Kirk feels a new enthusiasm for chardonnay thanks to the taut, minerally, elegant styles now being made by some Australian producers, including Oakridge, Shadowfax, Hardys, Penfolds and Coldstream Hills.

He’s hopeful the Tumbarumba material might be in this mould. But if it’s not, we’ll never see it under a Clonakilla label, he adds.

Kirk loves great pinot noir, too. When he says, “I’ve observed and shared the frustrations of those who’ve made it almost but not quite good enough”, you know he wouldn’t be ramping up production this year without some hope of success.

Tim Kirk’s father, John, planted a small amount of pinot noir in 1978 and, in most years, Clonakilla makes about one barrel. Kirk generally blends this into the shiraz-viognier.

Then in 2004–05, Kirk planted another 500 vines on an east-facing slope of a vineyard he owns with wife, Lara. For the first time this year it cropped well. With fruit, some from the original plantings and a little from the neighbouring Long Rail Gully vineyard, he made 12 barrels.

Kirk seems hopeful of this “fruit from a monumentally cool season. It’s in very good French oak, 25 per cent new, and I’m watching it with intense interest”. He adds, he love to make a half-decent, succulent, juicy pinot. But it won’t appear under a Clonakilla unless it measures up.

While botrytis can be a great destroyer, on occasion it helps concentrate sugars, acid and flavour in local rieslings. Several makers, including Clonakilla, intend turning these disgusting looking, rotten grapes into golden nectar this year.

Kirk says Clonakilla’s last was in 1991 when his father made two versions labelled as spaetlese and auslese. He says this year’s pump-clogging, sticky juice achieved auslese-level sugars.

Clonakilla’s fourth adventure in 2011, though, presents a paradox. For the first time they’re making a grenache – a southern Rhone Valley style more likely to perform in hot, dry conditions, not in the cold and wet.
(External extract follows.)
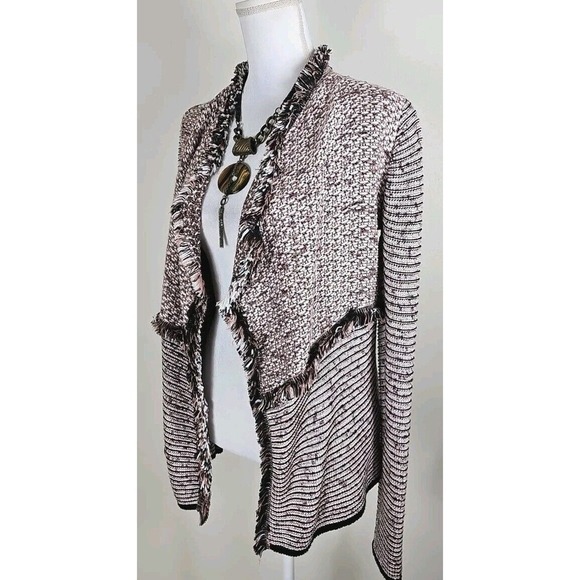 White House Black Market ~Woman Size XS~ Multocolor Tweed Cardig Jacket Unlined. - Picture 5 of 9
Kirk says his father, loving Rhone Valley grenache-based reds like Chateauneuf-du-Pape, planted small amounts of grenache, mourvedre and cinsault. A couple of days after I talk to Kirk, winemaker Bryan Martin tweets about the lovely grenache coming into the winery, adding “John’s mourvedre and cinsault”.

Shortly after, Tim Kirk tweets, “John and Julia [his parents] were out picking the grenache yesterday. Looks good”.
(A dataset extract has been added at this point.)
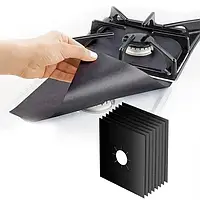 Жиронепроницаемая бумага черная | Тефлоновая накладка на газовую плиту | Защитная бумага для плиты g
And what’s the grenache role model? Chateau Rayas, says Kirk, “The greatest grenache there is in my experience”. He’s referring to an all-grenache Chateauneuf-du-Pape made by the Reynaud family and regarded as the greatest (and most expensive) of the region.

Perhaps that’s a long stretch for vintage one. But by knowing the world’s best, wineries like Clonakilla become their own most relentless critics – and that’s what leads to such profoundly good wines.

But on the way to that destination they’re being adventurous, having fun and making terrific wines for us to enjoy.

Copyright © Chris Shanahan 2011

Beer review — Krusivice and Orkney

Krusivice Imperial Czech Premium Beer 330ml $3.80
Krusovice Imperial, part of Heineken International’s portfolio, sits square in the Czech rich, bitter lager mould. The colour’s deep golden, and the aroma sweetly malty with an overlay of hops. The palate offers full, smooth malt, mingled with hops flavours and finishing a dry, delicious hops bitterness.

Orkney Brewery Dragonhead Stout 500ml $9.50
The very dark brown/black colour suggests the brooding beast it is – modestly alcoholic at four per cent, but assertively bitter, even slightly smokey, from all that roast grain character, like very dark chocolate. Despite the intense flavours, though, it’s dry on the palate, finishing clean and bitter.